• _INFORMATION_

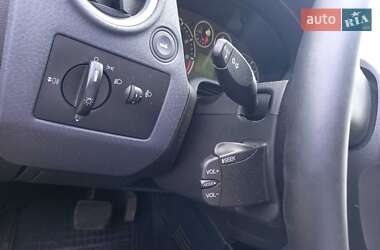 Хэтчбек Ford Fusion 2010 в 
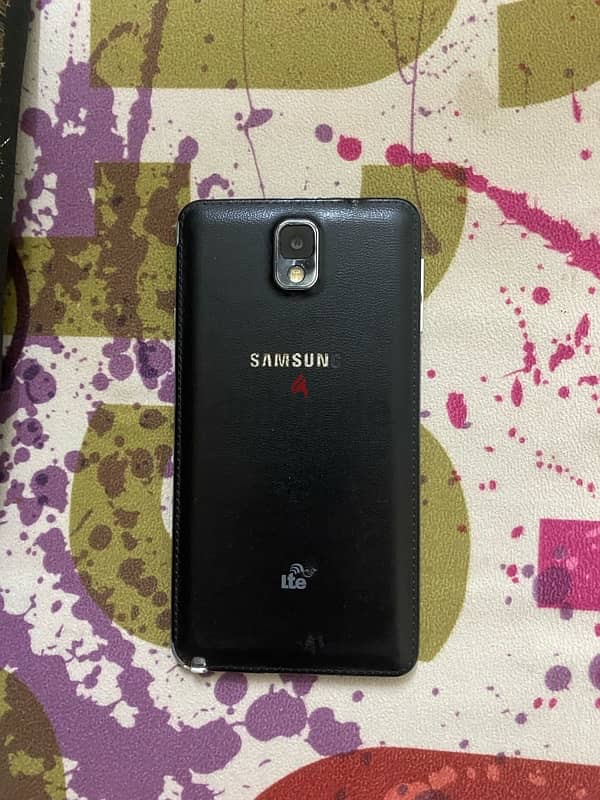 Samsung Galaxy Note 3   good condition Black with charger 1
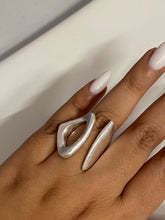 Anillo Tringulo Abierto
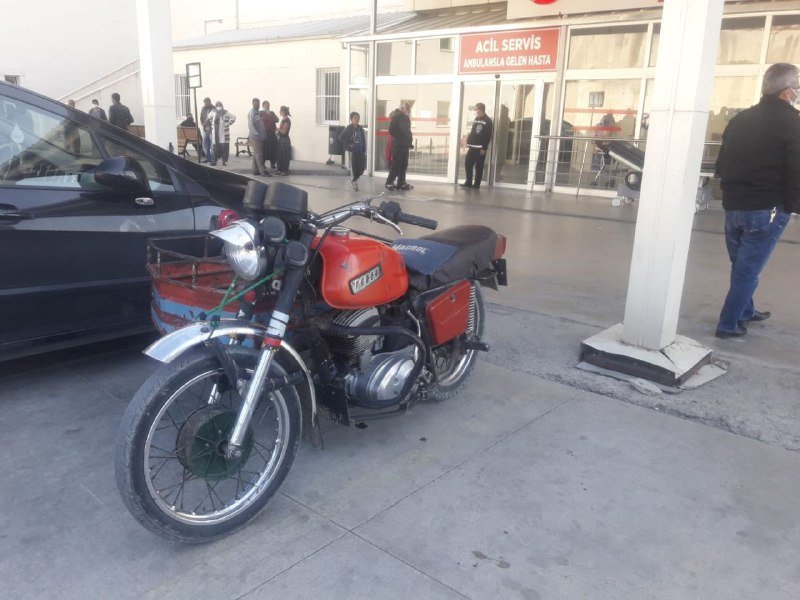Kopan yüksek gerilim hattını taşla kesmek istediler; elektriğe kapıldılar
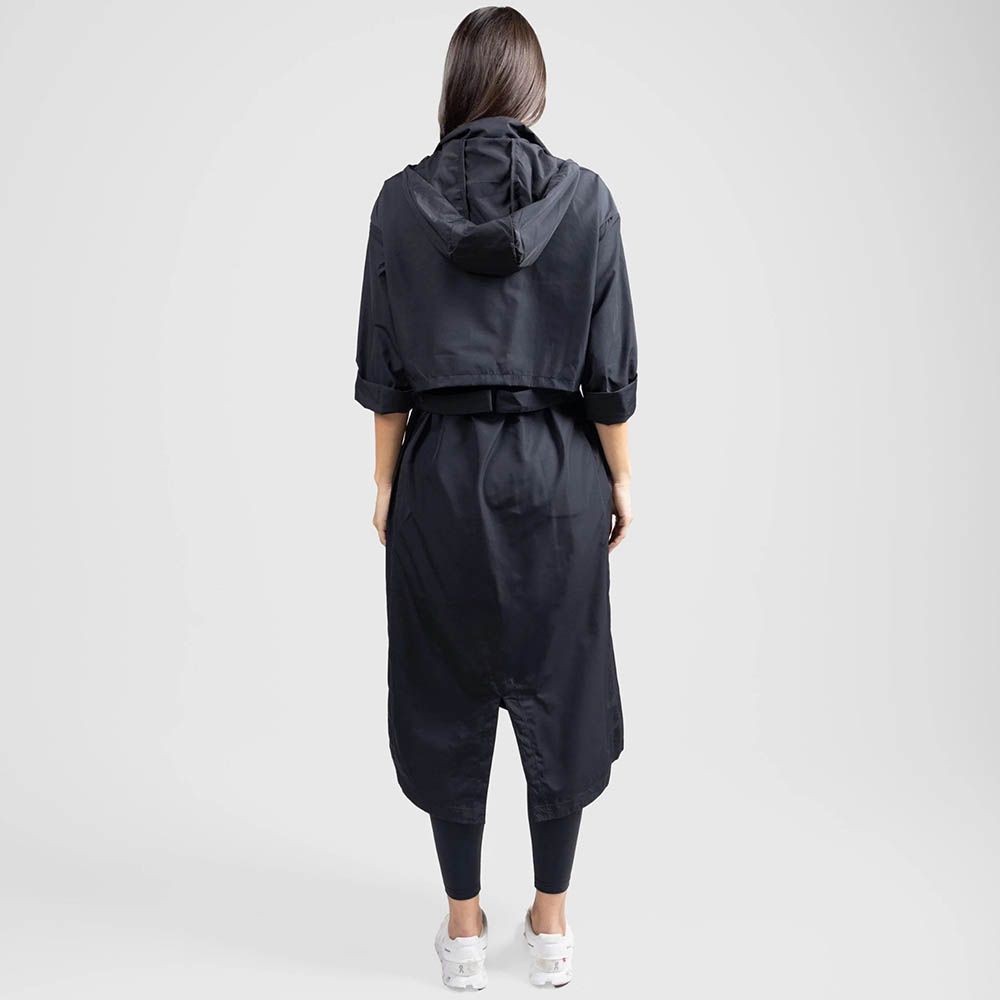 Lightweight Jacket With Breathable Mesh And Detachable Hood
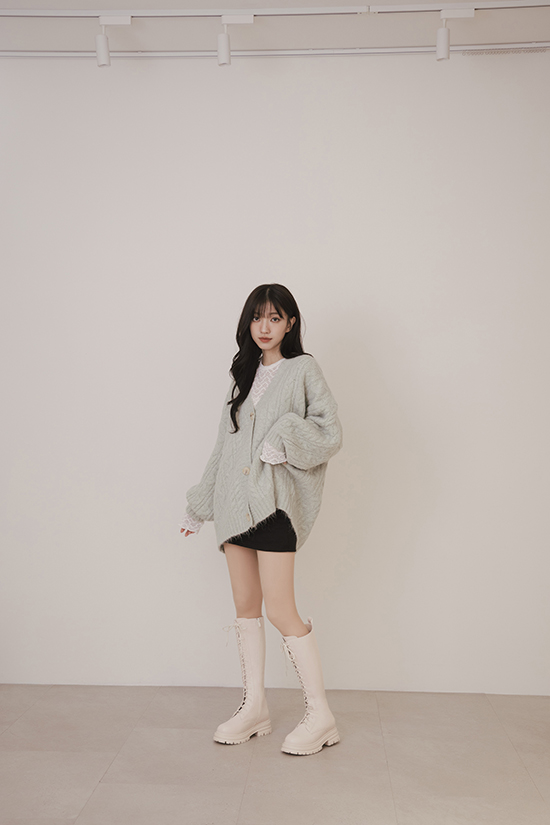 16孔高筒馬汀靴、厚底增高馬汀靴、小隻女顯高靴,全場焦點鬆糕底綁帶馬汀長靴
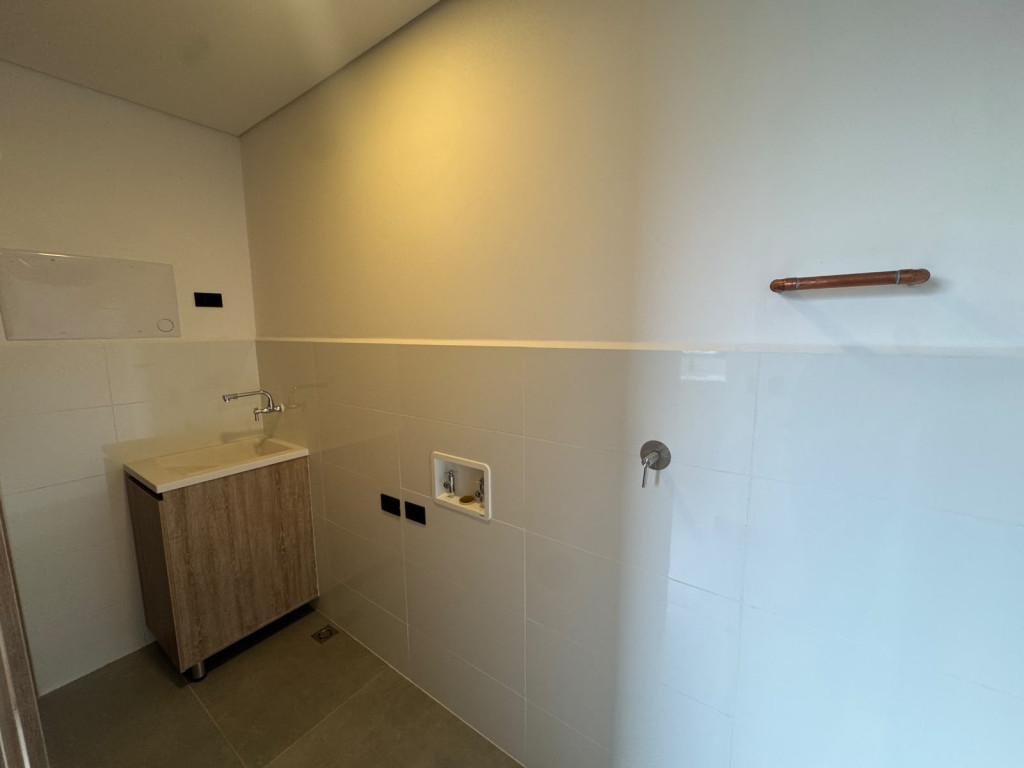Apartamento en arriendo en Castropol, Medellín · foto 4 de 14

• _INSTRUCTIONS FOR THE TASK_
Would you transcribe, exactly and only, the lines from the one that contains "16孔高筒馬汀靴、厚底增高馬汀靴、小隻女顯高靴,全場焦點鬆糕底綁帶馬汀長靴" through the last line of the data above, without any pictures?

• _RESULT OF THIS EXERCISE_
 16孔高筒馬汀靴、厚底增高馬汀靴、小隻女顯高靴,全場焦點鬆糕底綁帶馬汀長靴
Apartamento en arriendo en Castropol, Medellín · foto 4 de 14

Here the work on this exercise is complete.